American demons, thinking it's
One of their own, imitate
It's lidless glare and leave it gifts.
Mostly resigned, it sometimes dreams
A Japanese demon will turn up --,
Perhaps trying to sell me something --
And find itself quelled.
Wednesday, February 25, 2026
UNDOING
It wasn't the weaving
She'd miss so much
As the unweaving
The unpatterning.
Long night hours
The light of a candle
Held by a maid
(Later hung
Her pale legs kicking)
If the sly king
Had drowned at sea
She'd have learned
To unspin wool
Unshear sheep
Unstring minutes
Hoping another Penelope
Might string them again
String them better.
Monday, February 23, 2026
MARKETING
There used to be
A fish market here
But they packed it up
Ghosts and all and
Moved it to the Bronx.
Now, very early
Muses buy and sell
Ideas for poems
My usual muse
(Quite old but sly)
Often leaves with
A small wrapped idea
And two or three others
Which somehow
Found themselves
In her purse's
Deepest depths.
Friday, February 20, 2026
ON LINE
On the long line for admission
To Hell stands a child.
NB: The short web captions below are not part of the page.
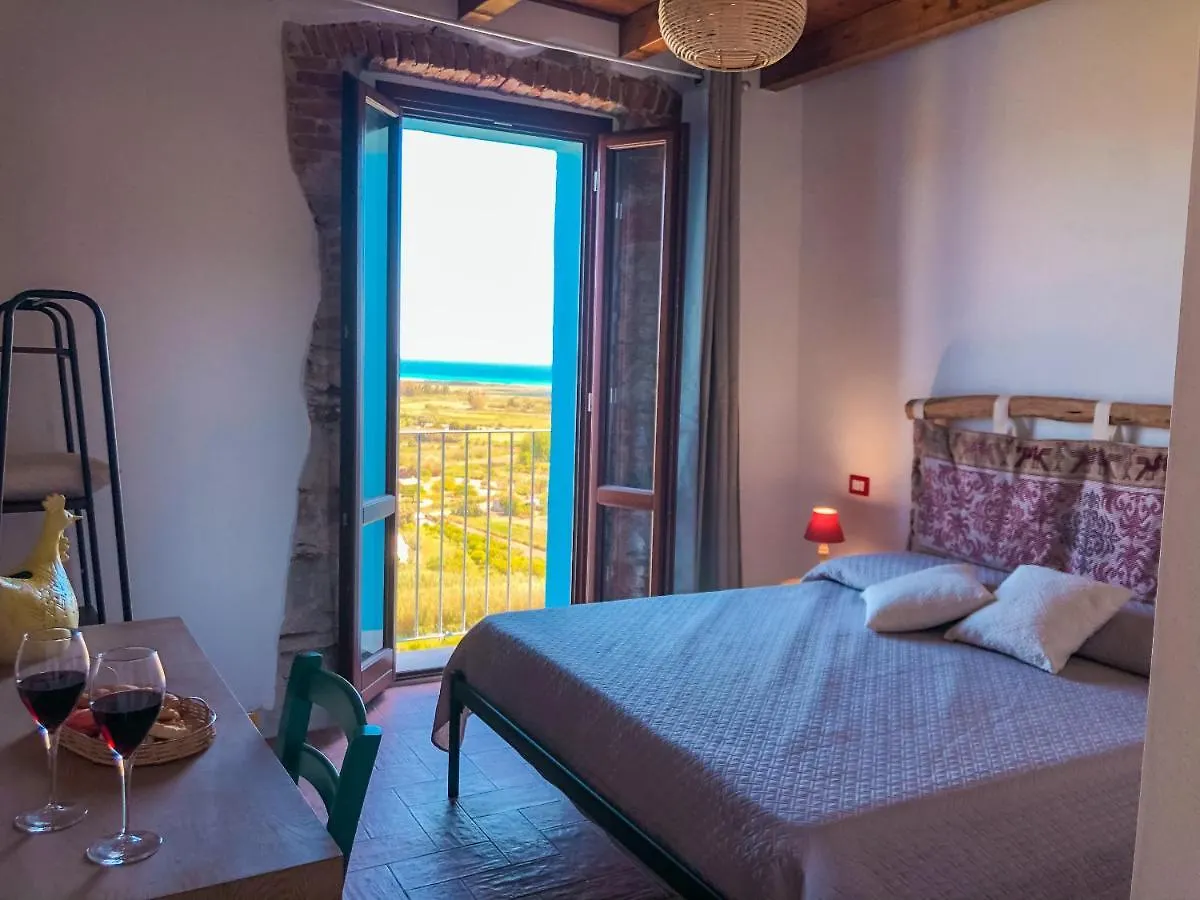 Panoramic Rooms Fora E ' Muros With Sea View Common Terrace , Ammentos Posada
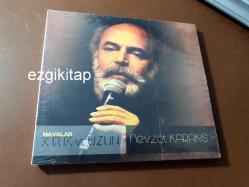 havalar - nevzat karakış cd  (kırık ve uzun havalar) (ambalajı açılmamış)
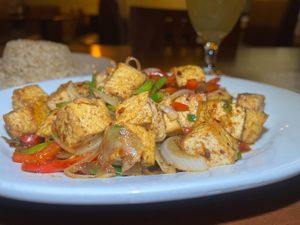   at Vegan Kitchen in Naples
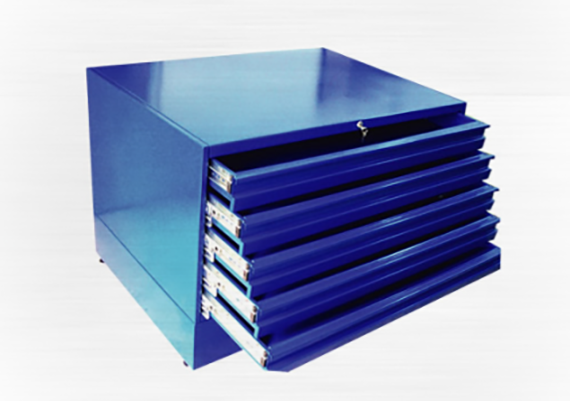 Planoteca horizontal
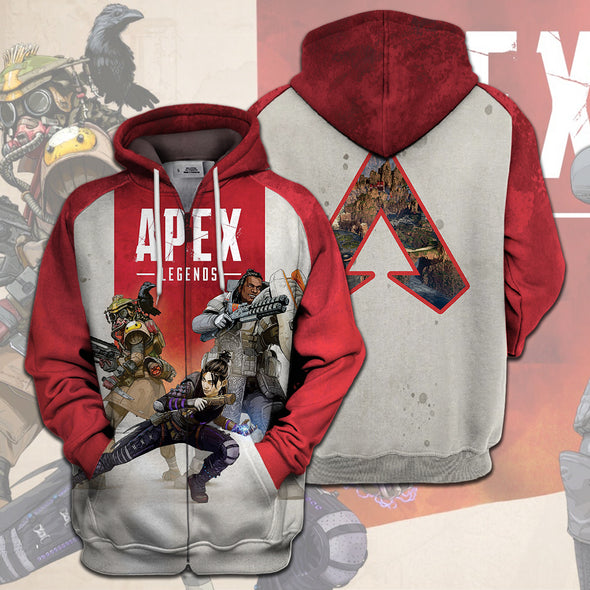 ATRENDSZ Unisex AL all over print hoodie, tshirt, tank and more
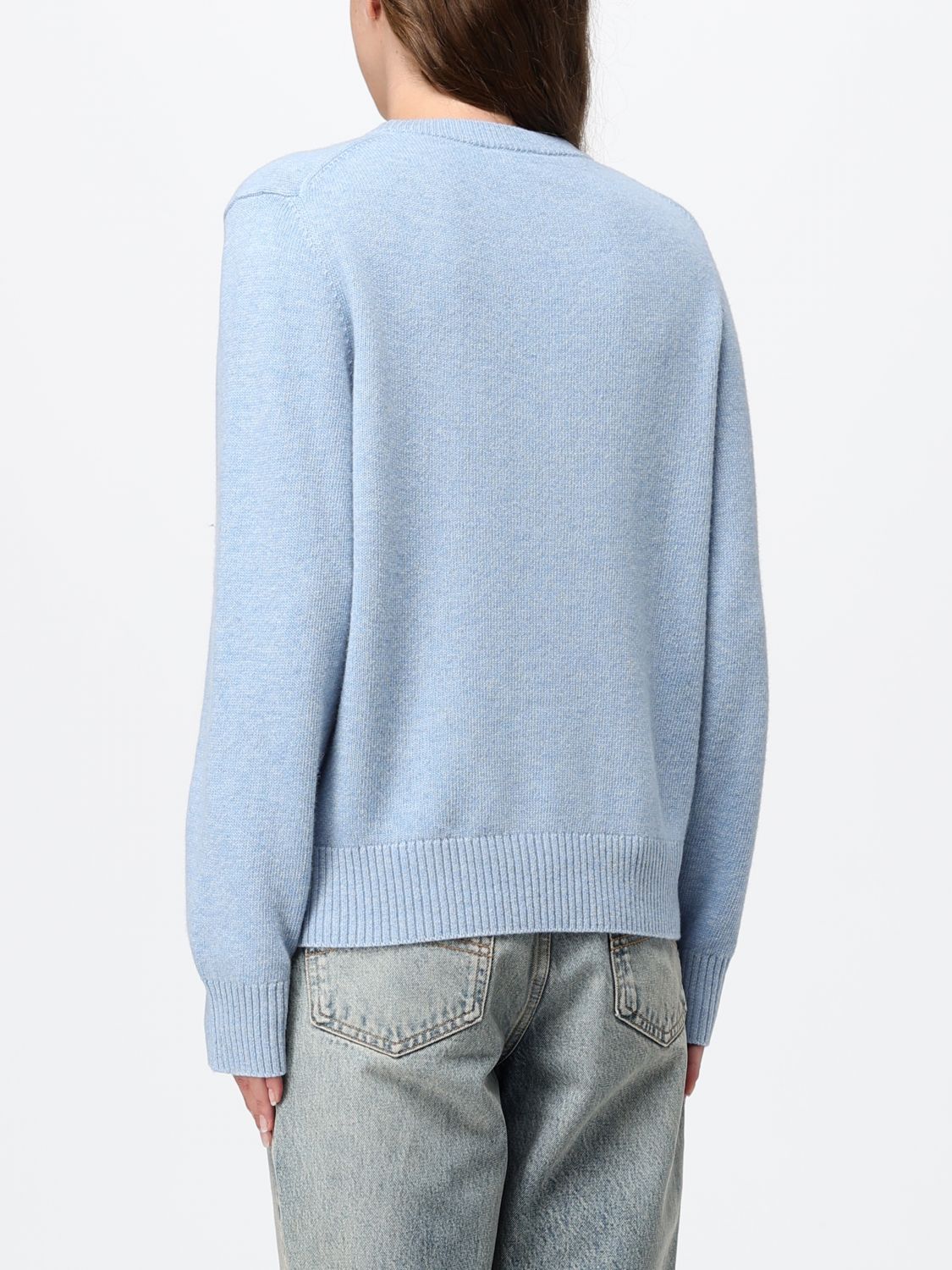 Sweater Woman color Blue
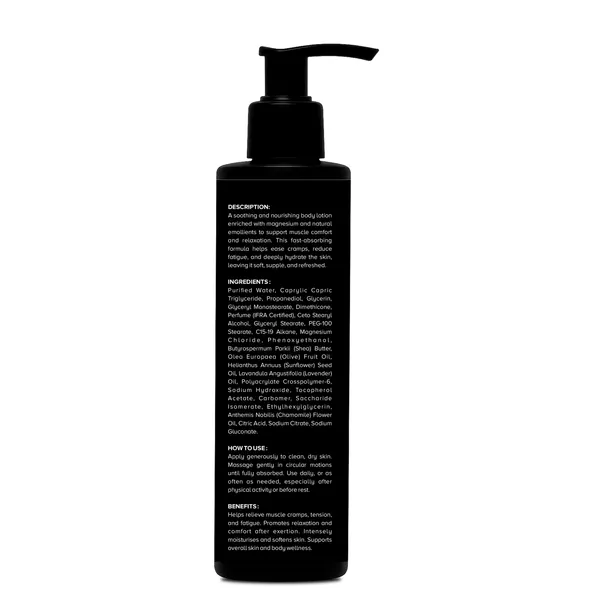 NiteSecrets_Relaxing_Magnesium_Body_Lotion_|_Topical_Magnesium_Supplement_for_Muscle_Comfort_&_Recovery_|_Relieves_Cramps,_Fatigue_&_Stress_|_Magnesium_Support_Deep_Sleep|_Deeply_Moisturizes,_Softens_Skin_&_Supports_Relaxation_|_200_Gm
It's hard
To imagine why she's there
But there she is, fidgeting,
Holding the memory of a toy
That was blown up with her
One damned soul makes faces
To amuse her. Another starts
A long story about an elephant
And a lizard and a flying boat.
It's a very long line and, really,
What else have we to do?
Wednesday, February 18, 2026
VETERANS
Some saints spend so long in the field that at last
They're worn down, almost featureless, like spoons
With unreadable monograms and twisting handles
Which might be anything -- writhing Cupids, sleepy mermaids,
Apostles, even. Their attributes are lost or mere blobs,
Their miracles pointless, giving a duck, say, the power
To heal shattered bones and twisted hearts
Or making puddles rain themselves back into the sky.
Monday, February 16, 2026
A COUSIN
During the War my mother's cousin Simon
Was a solider and wrote brave letters
Sometimes and funny ones other times
He'd type an original and six carbons
Sending my mother carbon four.
When he was in college he lived
In my grandparents' house and Joe
My grandfather gave him a dime
Every morning for carfare. Most mornings
Si walked so he could spend the dime
On cigarettes and coffee. He came home
With a whole heart but three years later
It broke and then his spirit went flat
And he smoked cheap tobacco in a pipe.
When I found his war letters I wondered
What had happened to make him
Scared of everything. My mother thought
It was a girl named Gretchen or perhaps
Just bad luck of which Simon always had
Enough and more than enough.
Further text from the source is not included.